AFAIK Ampere gpu’s should have the same speed in FP32 as in FP16, as opposed to previous gen when you’ll get roughly twice the speed with FP16 than with FP32.

Thanks for answering. I sort of understand the technical differences between fp16 and fp32, but my question is does anyone see a difference when comparing VEAI results side by side? Do you see a difference? I have heard those that are ‘in the know’ say that fp16 is technically equivalent to 16 bit video, which is a superior video bit depth to most video sources we see today.

If you can notice it - Yes!


Absolutely no correlation whatsoever.

Hmm, I’m surprised. The person that said it is quite knowledgeable about such things and highly regarded.

In your samples, you are sure everything else was equal? The one on the right looks crisper, but I’m not sure if that’s because it is oversharpened.

Of course, but mind you that was one of the few occasions were the difference was that drastic - For the most part there was virtually no difference between the two, expect that maybe fp32 was better at rounding errors, but at the end there’s nothing to boast about really.

I just thought to myself that even if fp32 usually produces identical results to fp16 it can sometimes just “pop-off” out of the blue, and with no speed penalty (using an amper gpu) to justify staying with fp16 , forcing veai to use the fp32 models as default seems like a no-brainer to me.

What about those pesky compression artifacts, with large patches of boxes that ruin the image? What filter will you use in that case? I will upload an example soon.

I’ve made a test with GAIA-HQ forcing fp32 on a RTX 3090, not only it is 2 times slower but also there is absolutely no eye visible difference even at 400% zoom vs fp16. Just a very very tiny difference only visible on a vectorscope.
Maybe was just the test video I pick but why would it be 2 times slower when for you there is no speed difference ? Or was it for Artemis ?

Hi guys. Check this method out. I just discover it.

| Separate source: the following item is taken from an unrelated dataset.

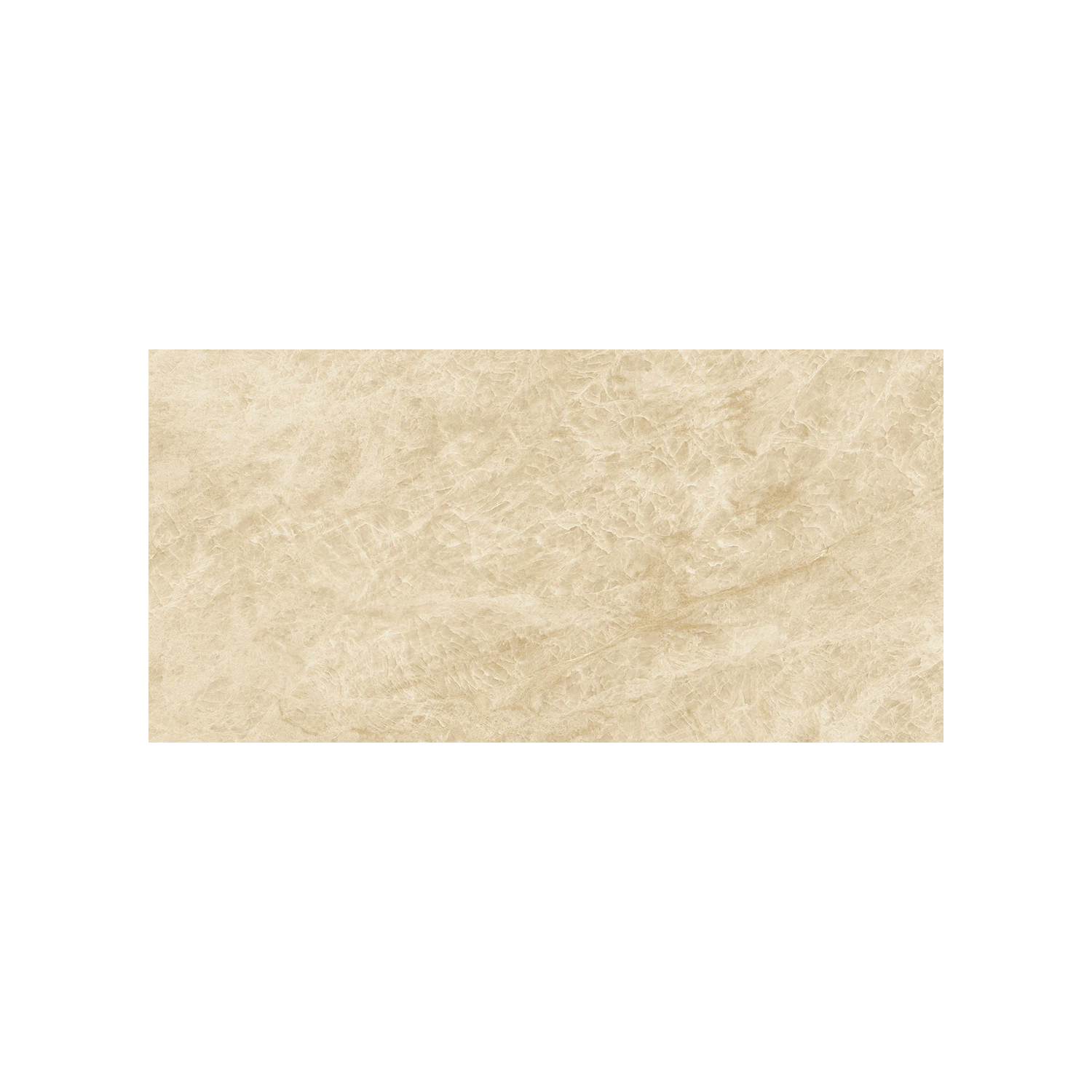 Rectangular beige tile, Beyond Tah Mahal - Champagne, features a subtle marbled texture and a slightly uneven surface for a natural stone appearance, shown against a white background.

No artifacts and detail smoothout with all models.

Can you post screenshots because I had trouble replicating your claims. The only way I could get “ERR” to show up on the lower left was if I set the default to SD, HD, or 4K. After importing a video go to “sizing” and choose “Custom setting”. Now “ERR” will appear behind whichever model you choose…but it doesn’t look any better. In fact it looks exactly the same. If you try changing the Scale % to 200 or whatever the “ERR” disappears and the program behaves normally.